S’accrocher aux étoiles est un roman de science-fiction écrit par l’auteur britannique Katie Khan et publié en mai 2018 aux Super 8 Editions. Je ne suis pas quelqu’un que l’on pourrait qualifier de « fleur bleue », mais j’aime bien de temps en temps les belles histoires d’amour bien construites. Je ne suis pas non plus une grande fan de la Saint Valentin, mais on va dire que d’un point de vue éditorial, cette lecture tombe à pic ! Alors, cette « love story » met-elle vraiment des étoiles plein les yeux ?

 

4ème de couverture

Dérivant dans l’espace, Carys et Max n’ont plus que 90 minutes d’oxygène disponibles. 90 minutes cruciales durant lesquelles, de toutes les façons imaginables, ils vont tenter de sauver leur vie. Parce qu’ils ne peuvent pas se perdre maintenant. Pas après ce qu’ils ont traversé.

Accrochés l’un à l’autre, ils regardent la planète bleue s’éloigner, se souviennent de leur rencontre, et évoquent la vie qu’ils laissent derrière eux : une société prétendument idéale, une utopie révolutionnaire où, au nom du progrès et de l’avenir, l’amour véritable a été banni. Le meilleur des mondes, leur a-t-on répété. Mais peut-on, au nom d’un intérêt supérieur, oublier ce qu’on est, ce qu’on a été, ce qu’on aurait pu être ?

Mon avis

S’accrocher aux étoiles nous propulse dans l’espace mais aussi dans un futur lointain où le monde, tel que nous le connaissons, a beaucoup changé. L’Union Européenne n’est plus, remplacée par Europia, une sorte de monde utopique. Comment Europia a été créée, ça on ne le sait pas trop malgré quelques bribes d’information semées ici et là. En revanche, on découvre un système qui repose sur une notion intéressante : l’absence d’identité nationale. Celle-ci se manifeste de différentes manières comme le fait que les pays n’ont plus de nom et qu’ils sont désignés par un numéro (Voïvode 1, Voïvode 2…), ou encore le fait que chaque citoyen est obligé de changer de pays tous les 3 ans. Avec la montée des mouvements nationalistes actuels, j’ai trouvé l’idée plutôt intelligente, même si j’aurais voulu que ce soit un peu plus creusé.
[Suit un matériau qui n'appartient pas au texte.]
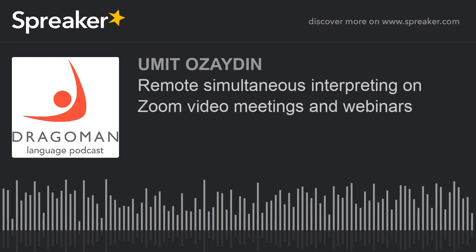Thanks to Zoom, scientific conferences can be organized in multiple languages in no time and at a fraction of the cost of a regular on-site convention. Consider hiring interpreters in Chinese, Arabic, Turkish, Japanese, Hindi, or Vietnamese with ease.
Vous me direz peut-être : mais où est l’histoire d’amour dans tout ça ? Il faut savoir que l’autre notion importante dans Europia, c’est l’individualisme. La philosophie de ce monde utopique pourrait se résumer à « donnez vos meilleures années à Europia en travaillant pour le bien de tous et installez vous pour fonder une famille après vos 35 ans ». Il existe d’ailleurs une « Règle sur le couple » qui interdit formellement de se mettre en ménage avant d’avoir atteint cet âge. Et arrive ce qui est inévitable : deux individus tombent amoureux et sont bien décidés à rester ensemble.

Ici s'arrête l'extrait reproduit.